A Baltimore circuit judge is to decide Friday whether longtime defense attorney Ivan Bates meets a two-year residency requirement to run for city state’s attorney in June.
Bates’ attorneys and those of his political rival, Thiru Vignarajah, argued the matter for hours Thursday, presenting tax and utility bills, deeds, car registration, voting records and other documents as they sought to prove which of Bates’ houses serves as his legal home and for how long.
To qualify for the ballot, a candidate must have lived continuously in Baltimore since November 2016.
Circuit Judge Lawrence Fletcher-Hill said he will rule Friday on the matter. His decision could reshape the contentious, three-way race to be the the city’s top prosecutor. Bates and Vignarajah are both seeking to unseat incumbent Marilyn Mosby. All are running as Democrats, and because there is no Republican candidate in the race, it will be decided by the June 26 primary election.
Bates says he moved in early 2016 into a newly built rowhome in the Locust Point neighborhood of South Baltimore. Vignarajah, however, says records show Bates didn’t move in until last year.
The morning began with a tense encounter between the rivals. Vignarajah greeted Bates and tried to shake his hand.
“You’re not going to send people to my house and scare my family and then try and shake my hand,” Bates told him. “Don’t send people to my house.”
Outside the courtroom, Bates declined to say what happened. Vignarajah did not comment, but a spokesman for his campaign provided a written statement later.
“No one went to Mr. Bates’s home,” spokesman Matt Krimsky said. “Legal disputes demand civility, in and out of the courtroom.”
Both candidates found themselves defending their residency qualifications this week in dueling lawsuits. Local activist Christopher Comeau sued Vignarajah, but the judge dismissed that lawsuit Tuesday.
Kristien Miller, a donor to Vignarajah’s campaign, sued Bates.
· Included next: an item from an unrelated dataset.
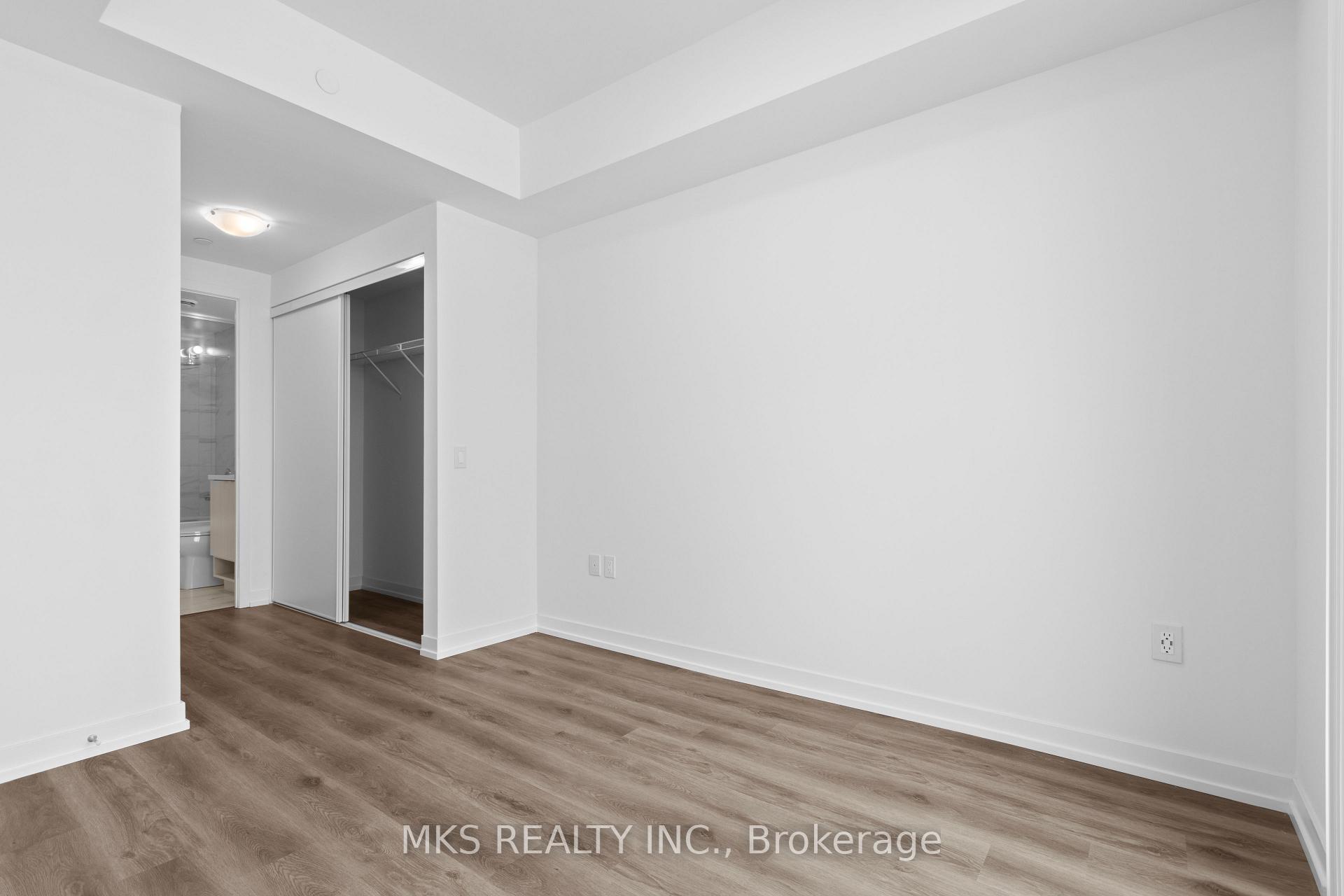 3 Bedrooms Condo at 138 Downes,  Toronto For sale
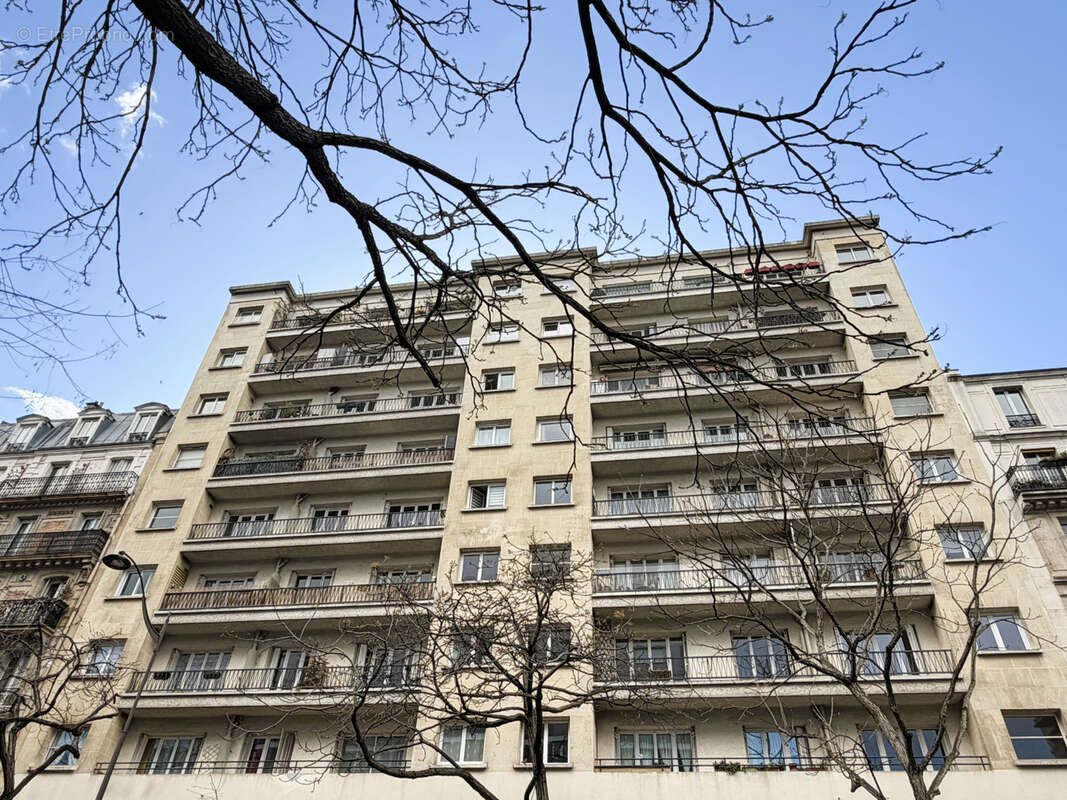 Appartement à PARIS-11E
The plaintiffs tried to compel Baltimore Sun reporter Justin Fenton to testify about an interview Fenton had with Bates a year ago. But an attorney for The Sun appeared in court Thursday and argued that Fenton was protected under laws that shield journalists from being forced to testify about their news gathering. The judge agreed and quashed the subpoena.
“Whatever marginal value Mr. Fenton’s testimony might provide, it is marginal,” Fletcher-Hill said, “and does not override the protection to the news media.”
According to Fenton’s article, Bates told The Sun last year that he had moved back into the city in early 2017. Bates says he was misquoted. The Sun stands by its reporting.
The lawsuit also hinged on a $5 water bill at Bates’ house in Locust Point. Bates’ attorneys called his neighbor into court to explain the small amount.
“Our water bills were covered by the homeowners association, so it was baked into that cost,” the neighbor, Connor Swegle, told the court. “I have not paid a water bill directly to the city.”
Most of the hearing was spent with attorneys examining the property records, tax bills, voting records and deeds.
Vignarajah told the court the records show Bates moved in four months too late.
“It may have been an honest mistake,” Vignarajah said. “The plaintiff takes no pleasure in making a dispute of this.”
Bates told the court he moved to a rowhouse in Reservoir Hill in 1997. Then he bought a house in Howard County in 2012 — a gift for his parents, he said. He said he moved his parents up from Virginia and lived with them, his new wife and stepdaughter in the home until 2016. Early that same year, Bates said, he moved to Locust Point. And he changed his address on his driver’s license and voting registration to reflect the Locust Point home, his attorney said.
Bates was previously sued over his residency qualifications by another state’s attorney candidate, Charles “Chad” Curlett, who dropped out of the race. Curlett said he now believes Bates meets the requirements.